The UN Security Council Dataset

This repository maintains a first dataset for the UN Security Council. It was first published in publication ISBN 978-86-87043-84-8 doi: 10.52987/pcrc.2022.

We currently offer an overview of UNSC meetings, resolutions from its inception in 1946 until July 2022. Only the meetings discussing a resolution are included. Presidential Statements and other meetings are not (yet) in this dataset.

Dataset Design

The below is an entity relation diagram of the database holding the dataset.

A Meeting has:

a topic (topic)
a full meeting transcript (full_text)
a url where you can read it online (url)
a date when it took place (date)
the year it took place (year)
a possibility a veto was used in the meeting (veto_used_in_meeting)

A Resolution has:

been discussed in a specific meeting (meeting_id)
a draft id when it's a draft resolution (draft_id)
a final id when it's adopted (final_id)
a url for both the draft and adopted resolutions (draft_url, final_url)
a status as outcome after voting: adopted, not adopted, vetoed (status)
text of its draft version (draft_text)
text of its adopted version (final_text)
a year it's been proposed (year)

A State has:

a unique id in the database (state_id)
a name (name)

A Vetocast has:

a resolution that was vetoed (vetoed_resolution)
the id of the state that cast the veto it (state_id)

Dataset Usage

SQL

The project has been written and executed in the following environment:

Python >= 3.8.5
Docker Compose 1.27.4
Postgresql 10.4
Jupyterlab >= 3.0.1 (M1 Mac users, definitely go for 3.4.3 minimum)

The dataset is currently a postgresql 10.4 backup.
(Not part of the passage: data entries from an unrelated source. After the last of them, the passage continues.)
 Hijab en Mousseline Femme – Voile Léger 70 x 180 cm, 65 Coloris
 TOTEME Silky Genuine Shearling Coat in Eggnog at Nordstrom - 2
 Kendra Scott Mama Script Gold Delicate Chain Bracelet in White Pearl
To start using it, you will need a postgresql 10.4 server running:

 $ cd Database
 $ docker-compose up
 Starting database_database_1 ... done
 Attaching to database_database_1
 database_1  | The files belonging to this database system will be owned by user "postgres".
 database_1  | This user must also own the server process.
 database_1  |

You can then restore the latest dataset export:

  $ gunzip Database/db-export-2022-07-07.tar.gz
  $ pg_restore --host localhost --port 5432 --username "admin" --dbname "un" --role "admin" --verbose db-backup-2022-07-07.tar

When done, you should have table sizes comparable to the below.
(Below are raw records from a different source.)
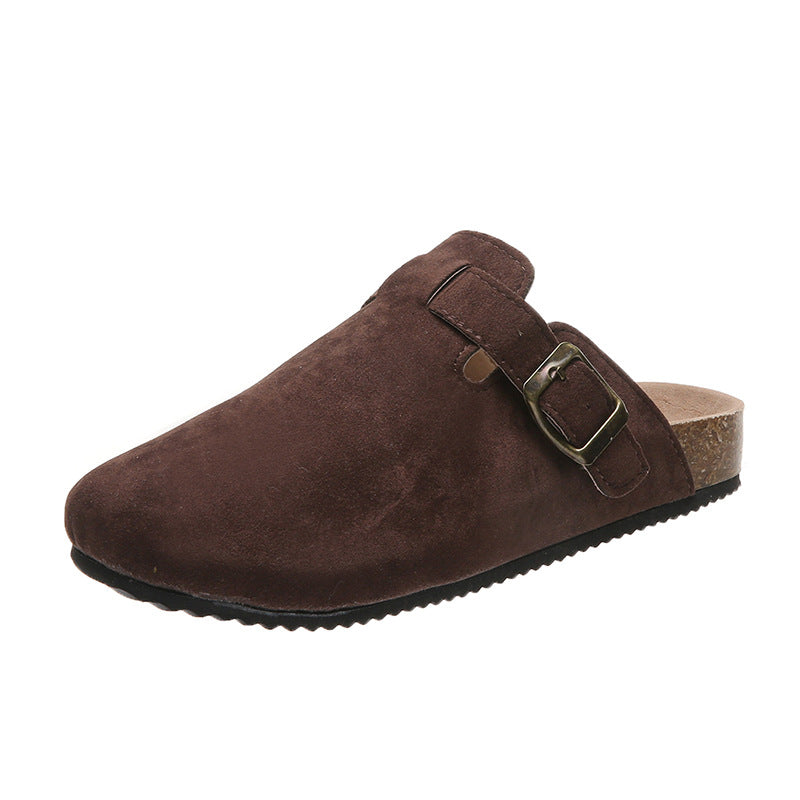 OrthoCare Women’s Suede Clog Sandals – Adjustable Buckle Comfort Slides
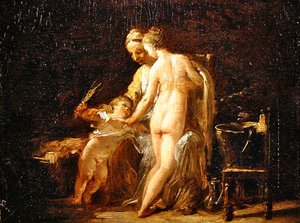 Interno con una signora al suo bagno, c.1800 da French School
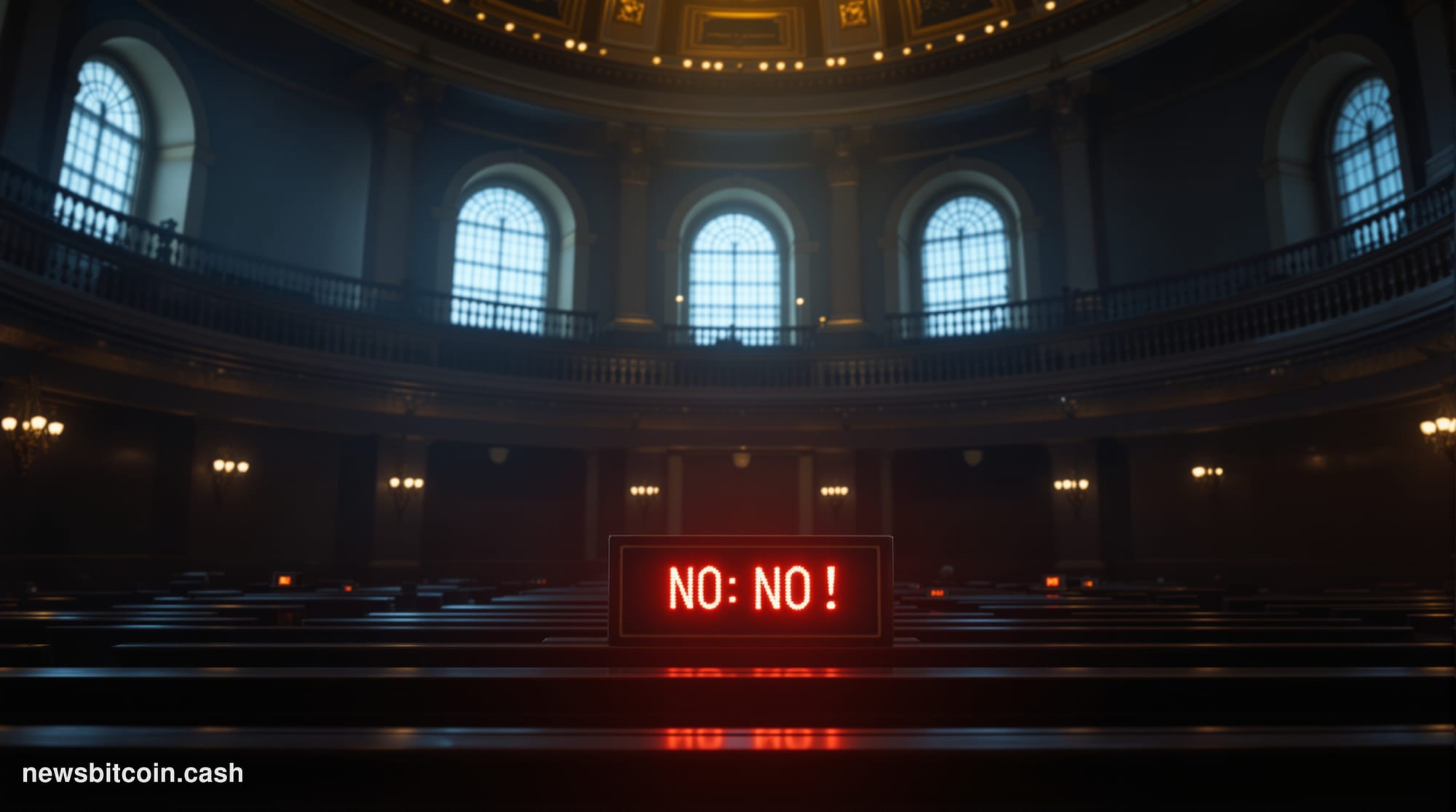 A cinematic photorealistic editorial photograph set inside the United States Capitol building's legislative chamber, shot fro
$ pgcli postgres://admin:admin@localhost/un
admin@localhost:un> select count(*) from meeting;
+-------+
| count |
|-------|
| 2614  |
+-------+

admin@localhost:un> select count(*) from resolution
+-------+
| count |
|-------|
| 2690  |
+-------+

Jupyter Notebooks

In the EDA/ folder there is an example Exploratory_Data_Analysis notebook. You can use it to see some of the results we made or as a template to get started. Assuming pandas will be a library in your toolkit, the first step you most likely always want to do is connect to the database. You can do it using the below code:

import os
import pandas as pd
from sqlalchemy import create_engine
from dotenv import load_dotenv

# Read the DB info and credentials from our .env file
load_dotenv("../Database/database.env")
DB_HOSTNAME = os.getenv('POSTGRES_HOSTNAME')
DB_USERNAME = os.getenv('POSTGRES_USER')
DB_PASSWORD = os.getenv('POSTGRES_PASSWORD')
DB_NAME = os.getenv('POSTGRES_DB')

engine = create_engine(f'postgresql+psycopg2://{DB_USERNAME}:{DB_PASSWORD}@{DB_HOSTNAME}/{DB_NAME}', echo=False)
meetings_df = pd.read_sql_table('meeting', con=engine)
resolutions_df = pd.read_sql_table('resolution', con=engine)
vetoes_df = pd.read_sql_table('vetocasts', con=engine)
states_df = pd.read_sql_table('state', con=engine)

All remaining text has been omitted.